-- Data to use follows --

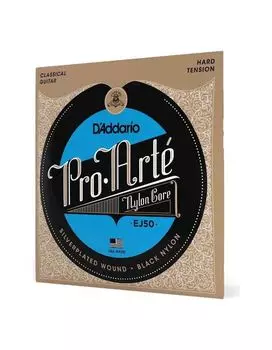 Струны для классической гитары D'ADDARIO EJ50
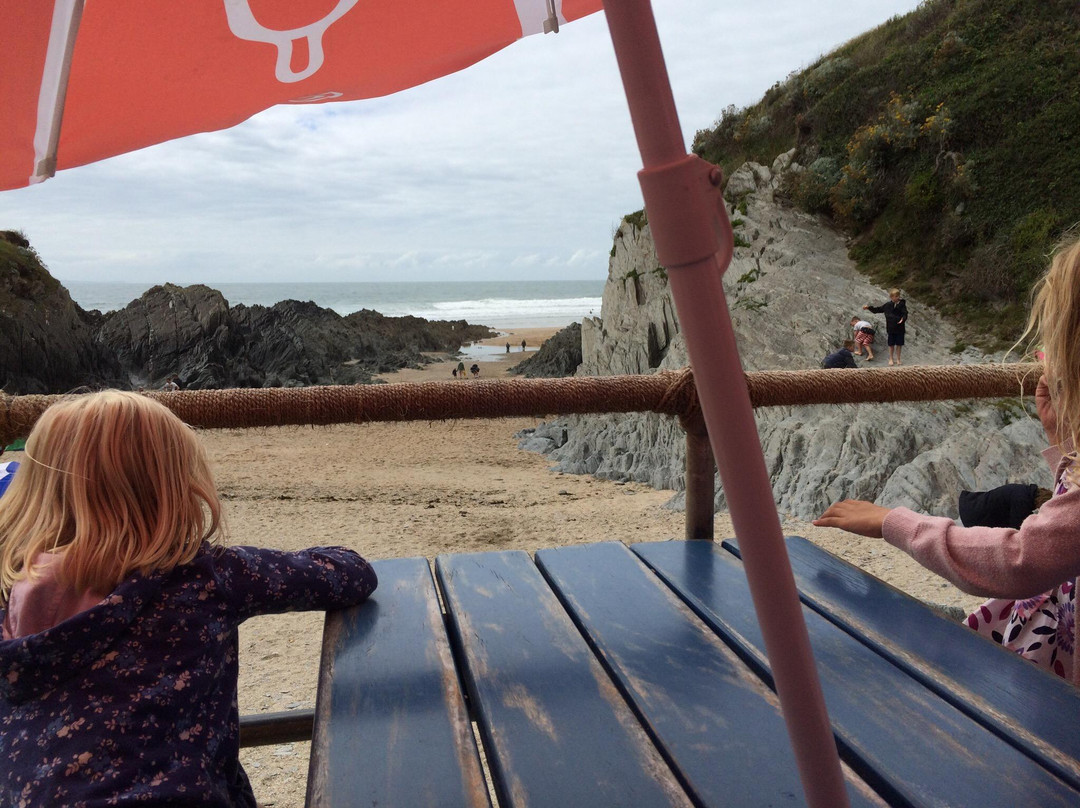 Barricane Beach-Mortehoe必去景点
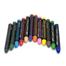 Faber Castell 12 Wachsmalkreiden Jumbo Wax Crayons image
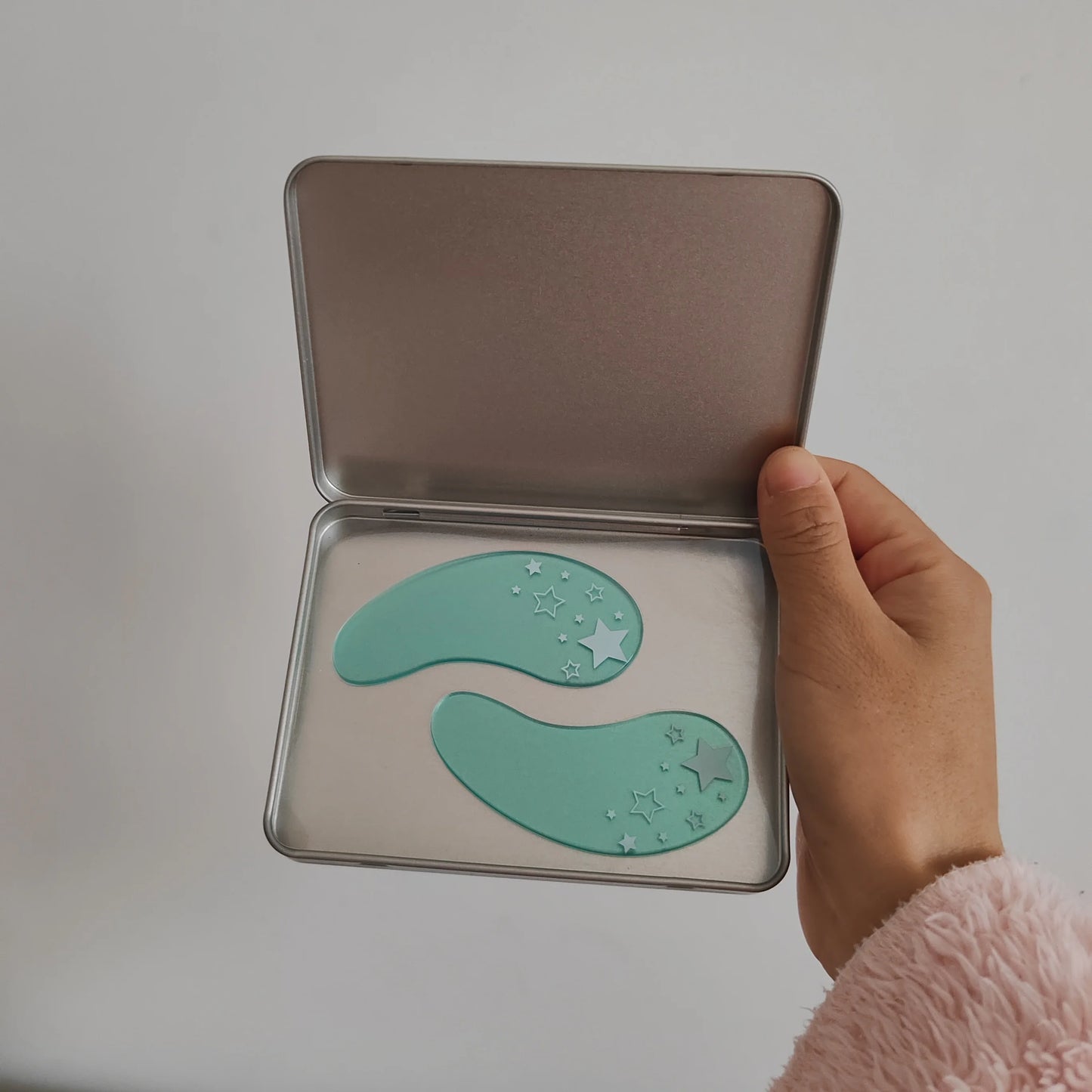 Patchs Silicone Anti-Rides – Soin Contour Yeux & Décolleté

-- Data to use concluded --
-- Data to use follows --

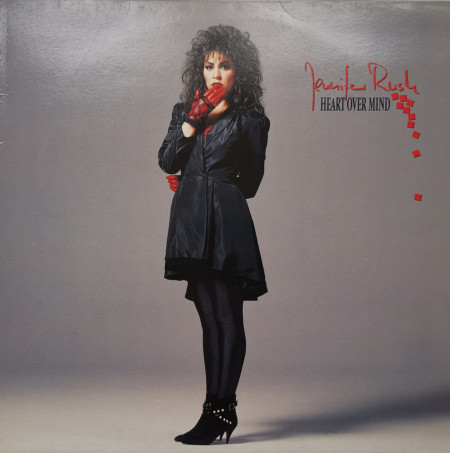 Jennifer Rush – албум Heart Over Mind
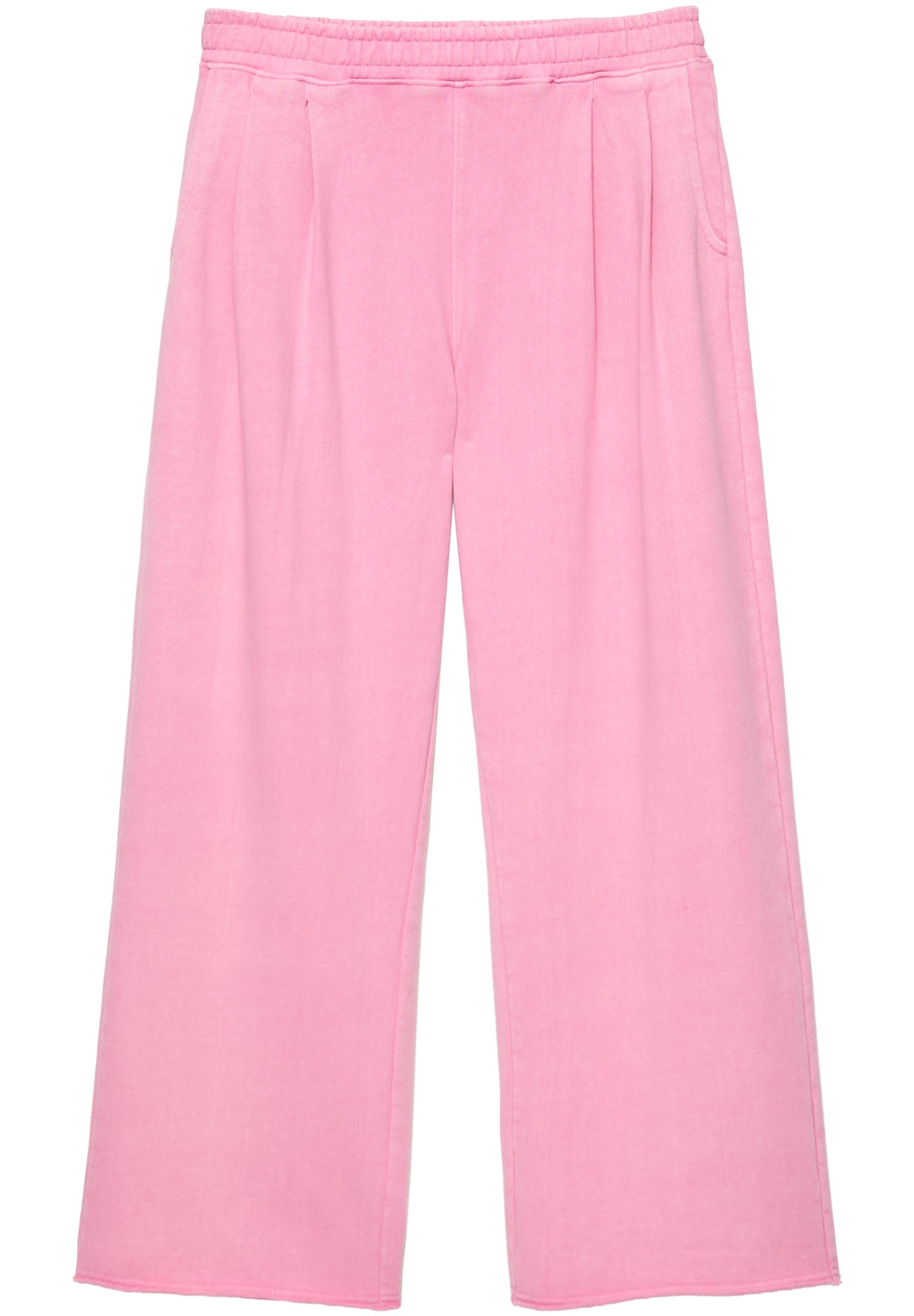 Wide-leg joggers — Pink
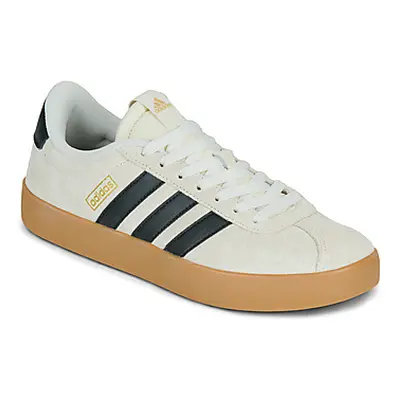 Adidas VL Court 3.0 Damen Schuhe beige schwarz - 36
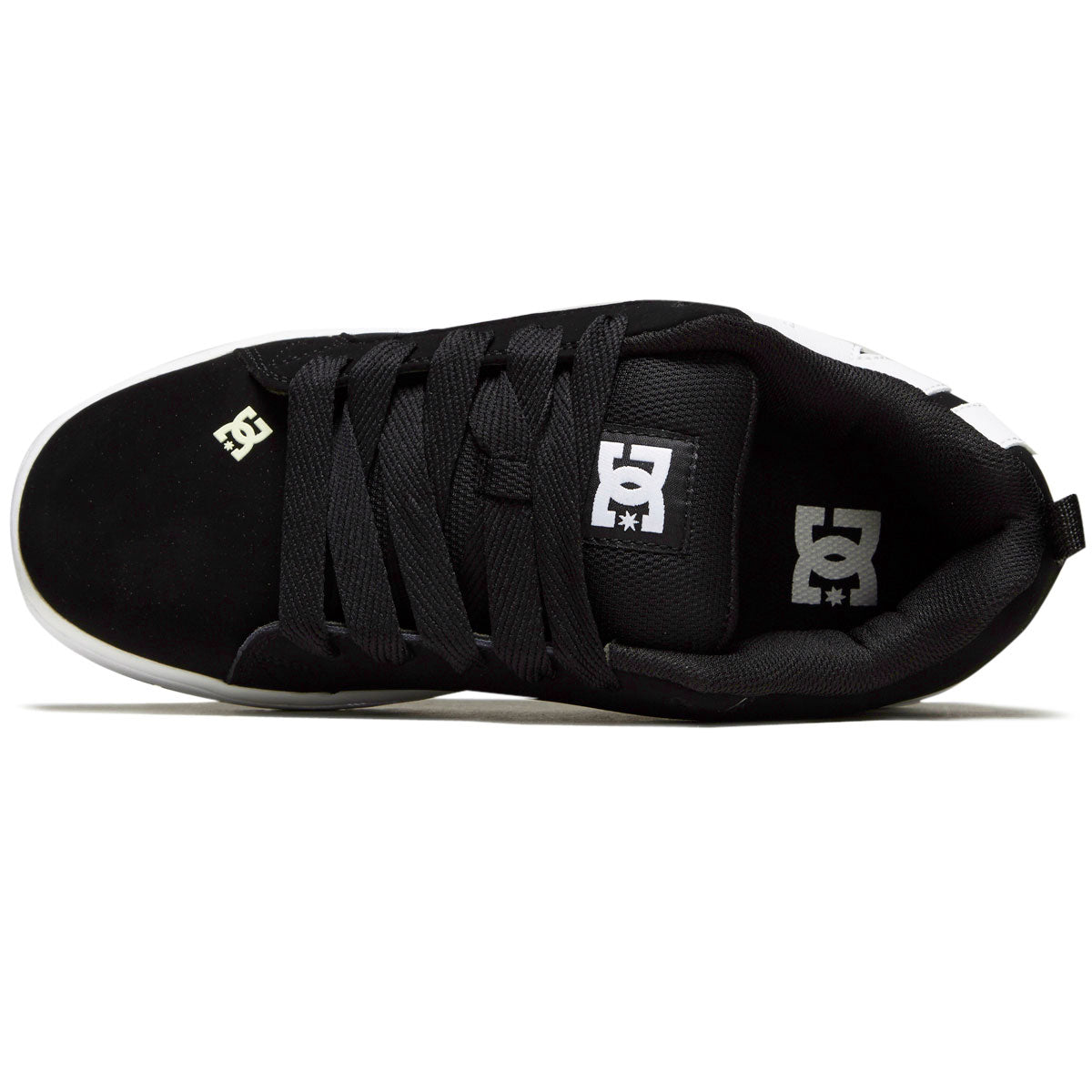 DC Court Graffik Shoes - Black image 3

-- Data to use concluded --

Instructions to follow - All lines above starting at the one with "Adidas VL Court" and ending at the one with "DC Court Graffik Shoes - Black image 3", inclusive, are to be printed again exactly, with the pictures left out.

Exercise output -
 Adidas VL Court 3.0 Damen Schuhe beige schwarz - 36
 DC Court Graffik Shoes - Black image 3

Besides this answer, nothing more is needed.